Friday, December 9th, 2011

It’s almost hard to remember, but not so long ago, technologies handled one medium or accomplished one or two tasks. For example, each type of entertainment medium had to be played on a specific device: Video was played on a television, using some type of video player, music was played on a compact disc player and video games were played through some type of console. In the same way, each type of communication media used its own technology for transmission: voice conversation by telephone, e-mail via computer, and so on.

But as everyone now knows, devices can now interact with lots of different formats. So while the primary purpose of the Xbox video game console is still to play video games, it can also play back video and music and connect to the Internet. And, of course, cell phones are used for far more than just making phone calls, also functioning as personal music players, digital cameras and text messaging systems.
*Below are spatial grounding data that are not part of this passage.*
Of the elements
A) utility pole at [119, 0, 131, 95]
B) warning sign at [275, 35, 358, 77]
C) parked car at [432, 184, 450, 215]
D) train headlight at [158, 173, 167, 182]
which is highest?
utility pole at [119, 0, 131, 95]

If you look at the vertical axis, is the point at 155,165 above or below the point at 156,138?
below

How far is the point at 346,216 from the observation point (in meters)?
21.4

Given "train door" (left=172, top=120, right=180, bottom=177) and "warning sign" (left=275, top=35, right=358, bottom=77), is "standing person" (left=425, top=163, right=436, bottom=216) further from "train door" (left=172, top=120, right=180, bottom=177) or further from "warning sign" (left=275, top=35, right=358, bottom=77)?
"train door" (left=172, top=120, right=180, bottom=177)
Convergence Technology brings together these various communications – voice, video and data – into a single network and it’s indispensable in today’s uber-connected world. And that makes Convergence Technology specialists indispensable as well. According to ATE’s Convergence Technology Center skilled specialists in the areas of Convergence Technology and Home Technology Integration are in great demand to design, build, test, secure and troubleshoot communication infrastructure and devices for both home and business markets.

As Copeland Crisson told ATETV in this week’s Episode, “A lot of students have been exposed to a lot of the [different] technologies, but they’ve never been exposed to the point at which these technologies come together.” Training programs like the Convergence Technology Program at Collin College in Frisco, Texas offer both degrees and certificates to prepare students for the workforce and for professional certification exams.
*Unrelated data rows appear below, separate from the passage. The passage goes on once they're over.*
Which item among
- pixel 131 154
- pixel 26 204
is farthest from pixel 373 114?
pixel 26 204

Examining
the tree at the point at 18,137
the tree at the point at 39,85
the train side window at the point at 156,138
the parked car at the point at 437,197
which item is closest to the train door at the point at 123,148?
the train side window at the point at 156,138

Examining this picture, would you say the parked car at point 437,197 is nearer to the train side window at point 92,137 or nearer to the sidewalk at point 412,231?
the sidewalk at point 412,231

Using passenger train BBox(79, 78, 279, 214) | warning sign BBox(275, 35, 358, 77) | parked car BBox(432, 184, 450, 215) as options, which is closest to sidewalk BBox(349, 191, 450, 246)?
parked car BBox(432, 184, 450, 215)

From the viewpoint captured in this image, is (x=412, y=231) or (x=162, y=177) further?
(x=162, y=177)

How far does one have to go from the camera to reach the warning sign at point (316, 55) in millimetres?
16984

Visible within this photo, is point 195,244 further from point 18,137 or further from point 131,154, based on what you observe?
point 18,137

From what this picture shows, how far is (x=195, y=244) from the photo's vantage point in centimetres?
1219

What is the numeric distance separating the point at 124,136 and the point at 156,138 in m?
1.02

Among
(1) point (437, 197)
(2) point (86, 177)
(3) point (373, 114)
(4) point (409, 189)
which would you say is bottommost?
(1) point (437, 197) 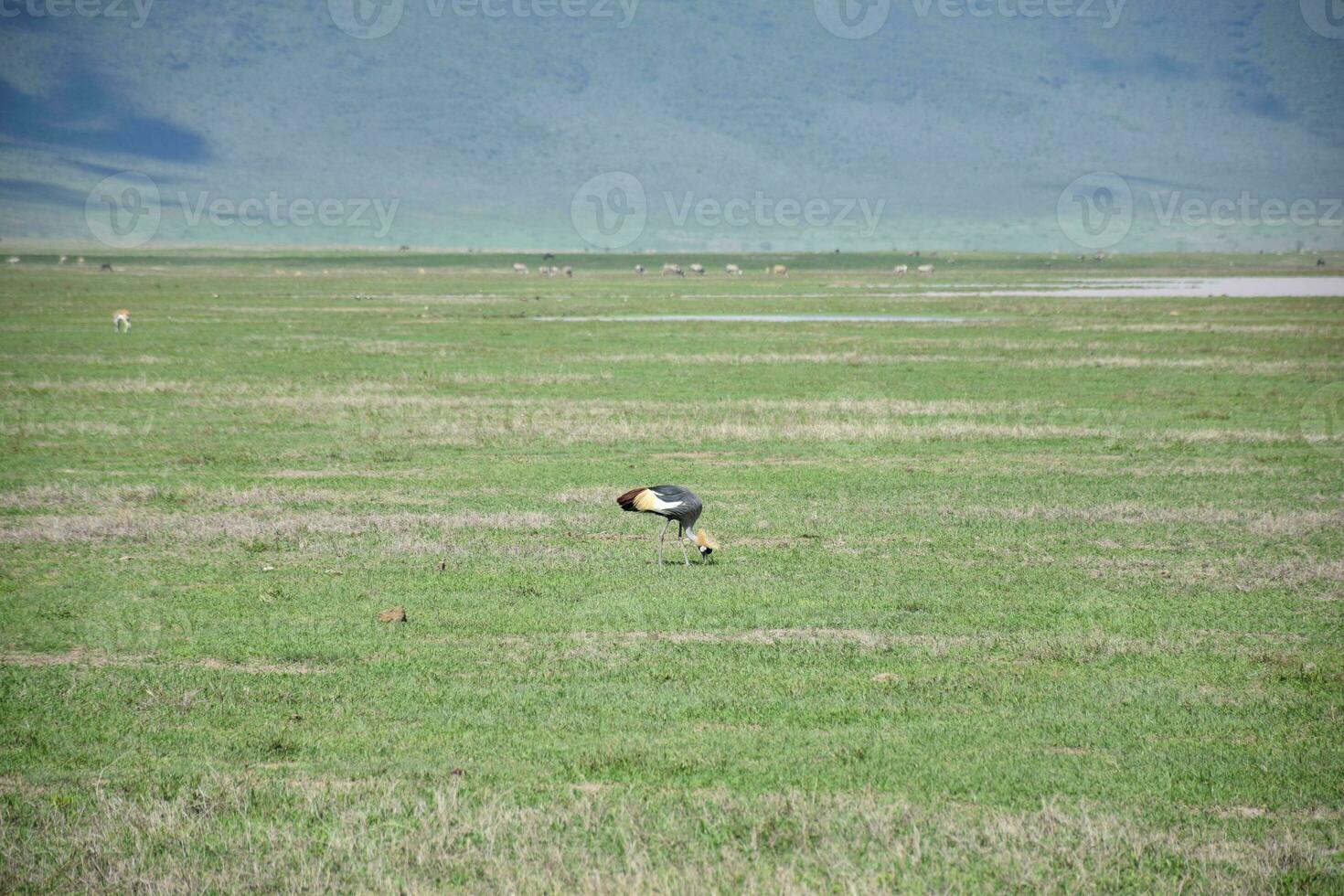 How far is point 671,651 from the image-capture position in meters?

What does a Convergence Technology program of study look like? It generally begins with the basics – courses in Network Fundamentals and Routing Protocols and Concepts, as well as College Algebra. But it soon expands to include training in classes such as Digital Home Technology Integration, Wireless Telephone Systems, Information Storage Management and Operating System Security, among others. Students are also exposed to plenty of hands-on applications and real-world problem solving to get a firsthand look at how technologies come together.

“The jobs in this area are very attractive, whether building a network, maintaining a network or troubleshooting a network,” Dell Computer’s Glenn Wintrech told ATETV. And while the constantly-changing field means that today’s jobs may be obsolete within a few years, there’s no question that a new crop of jobs will be on the horizon.
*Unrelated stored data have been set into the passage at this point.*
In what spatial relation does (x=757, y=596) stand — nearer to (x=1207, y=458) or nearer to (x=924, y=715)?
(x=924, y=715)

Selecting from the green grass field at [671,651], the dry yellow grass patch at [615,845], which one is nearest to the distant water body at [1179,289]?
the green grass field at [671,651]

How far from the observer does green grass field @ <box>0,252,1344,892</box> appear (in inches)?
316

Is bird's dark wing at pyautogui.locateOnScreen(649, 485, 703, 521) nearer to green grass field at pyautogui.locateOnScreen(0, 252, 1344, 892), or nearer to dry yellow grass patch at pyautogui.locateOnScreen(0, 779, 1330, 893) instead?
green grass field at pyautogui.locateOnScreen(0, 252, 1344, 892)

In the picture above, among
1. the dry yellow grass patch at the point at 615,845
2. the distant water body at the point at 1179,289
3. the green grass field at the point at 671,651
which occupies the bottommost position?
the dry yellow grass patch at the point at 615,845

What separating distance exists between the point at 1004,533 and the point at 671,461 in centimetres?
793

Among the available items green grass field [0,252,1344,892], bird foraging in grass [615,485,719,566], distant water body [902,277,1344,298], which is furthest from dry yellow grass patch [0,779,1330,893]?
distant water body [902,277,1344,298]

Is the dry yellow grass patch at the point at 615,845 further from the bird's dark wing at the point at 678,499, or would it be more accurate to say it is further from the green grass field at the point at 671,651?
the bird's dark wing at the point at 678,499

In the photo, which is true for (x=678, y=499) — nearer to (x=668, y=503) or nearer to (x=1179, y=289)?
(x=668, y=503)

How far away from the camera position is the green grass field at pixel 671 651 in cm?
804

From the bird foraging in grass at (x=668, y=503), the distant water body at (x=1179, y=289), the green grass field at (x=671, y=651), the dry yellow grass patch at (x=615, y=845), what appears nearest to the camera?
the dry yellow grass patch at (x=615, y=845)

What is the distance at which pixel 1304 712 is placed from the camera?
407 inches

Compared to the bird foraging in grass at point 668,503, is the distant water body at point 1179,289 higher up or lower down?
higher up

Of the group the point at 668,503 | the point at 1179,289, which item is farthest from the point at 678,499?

As Cisco’s Corey Kirkendoll puts it, “Everybody has a computer, everybody wants to be networked and connected, so there’s always an opportunity. We are positive that there will be more jobs available than we can fill.”

IT Certifications Help Employees Stand Out In a Crowded Marketplace

Monday, November 21st, 2011

Computer networks are integral to business and demand for employees in the field of Information Technology is expected to increase as firms continue to invest in new technologies. In fact, according to the Bureau of Labor Statistics’ Occupational Outlook Handbook employment of computer network, systems and database administrators is expected to grow by as much as 30 percent by 2018 – much faster than the average for other occupations.

Want to stand out from the competition when pursuing an IT position? Look to certifications. “The job market today is highly competitive even in higher demand areas like information technology and networking,” says ATETV Advisor Gordon Snyder, Director of the National Center for Information and Communications Technologies at Springfield (MA) Technical Community College. “An effective way to distinguish yourself from others is to earn certifications in computers and networking, in combination with a degree. These certifications compliment academic work, showing a potential employer your knowledge, skills, ability and ambition.”

Certifications are offered through product vendors, computer associations and other training institutions, and according to the Bureau of Labor Statistics today, many employers regard certifications as the industry standard – and may even require employees to be certified. Certifications are also important for advancement.

We asked Gordon Snyder to recommend certifications that can help employees launch their IT careers – and advance their careers. Here are three he suggested, two entry-level and one advanced.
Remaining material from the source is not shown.